[Source information — start]

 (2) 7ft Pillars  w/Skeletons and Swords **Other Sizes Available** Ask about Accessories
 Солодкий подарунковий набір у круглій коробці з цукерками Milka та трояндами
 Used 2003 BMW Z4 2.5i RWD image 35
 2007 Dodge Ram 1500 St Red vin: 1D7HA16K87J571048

[Source information — finish]
[Source information — start]

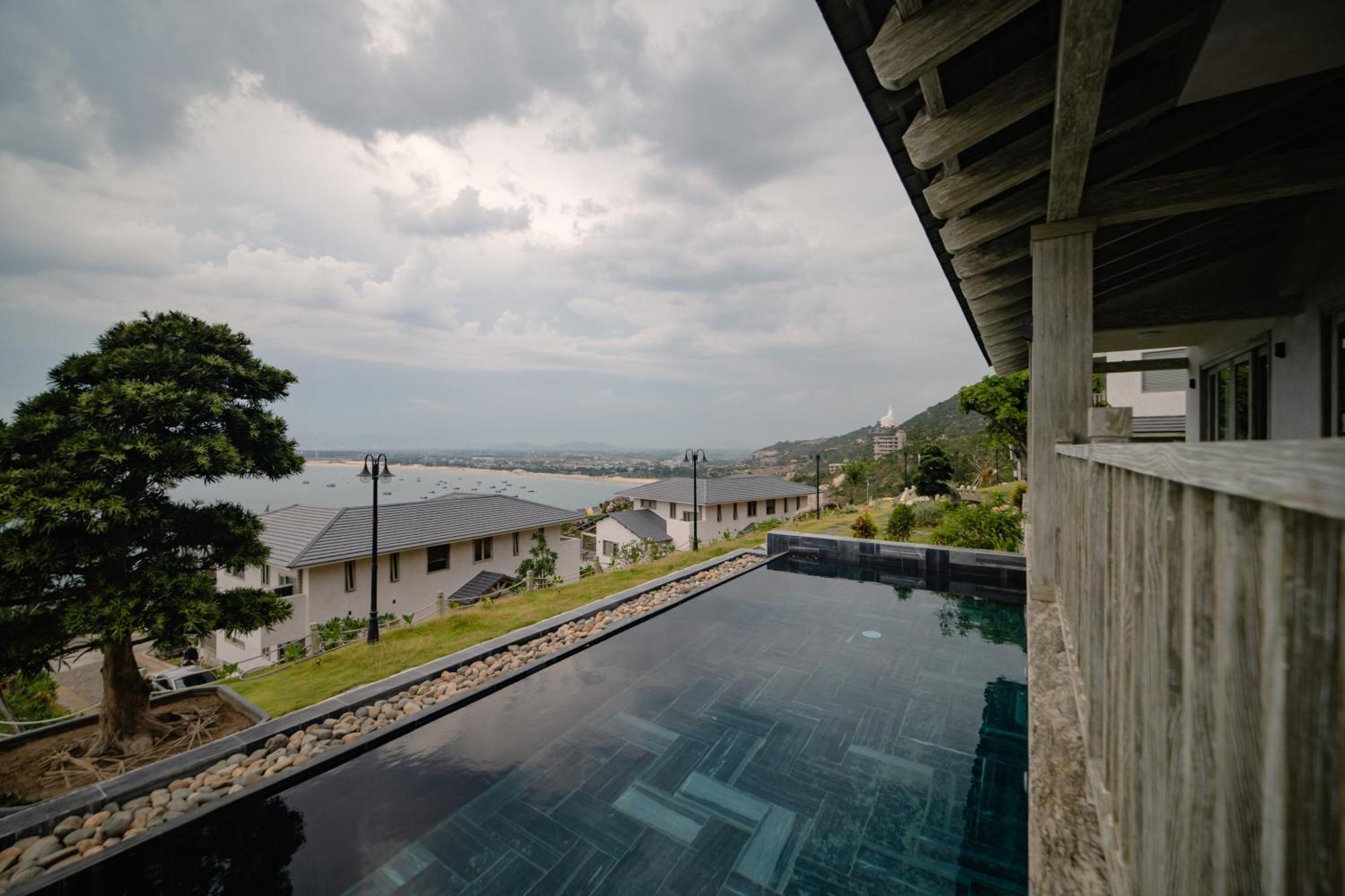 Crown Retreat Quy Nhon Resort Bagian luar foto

[Source information — finish]

#### Aim of the task
Using the entries above, give back exactly the line containing "Солодкий подарунковий набір", the line containing "2007 Dodge Ram", and every line between them, and nothing else.

#### Answer to this task
 Солодкий подарунковий набір у круглій коробці з цукерками Milka та трояндами
 Used 2003 BMW Z4 2.5i RWD image 35
 2007 Dodge Ram 1500 St Red vin: 1D7HA16K87J571048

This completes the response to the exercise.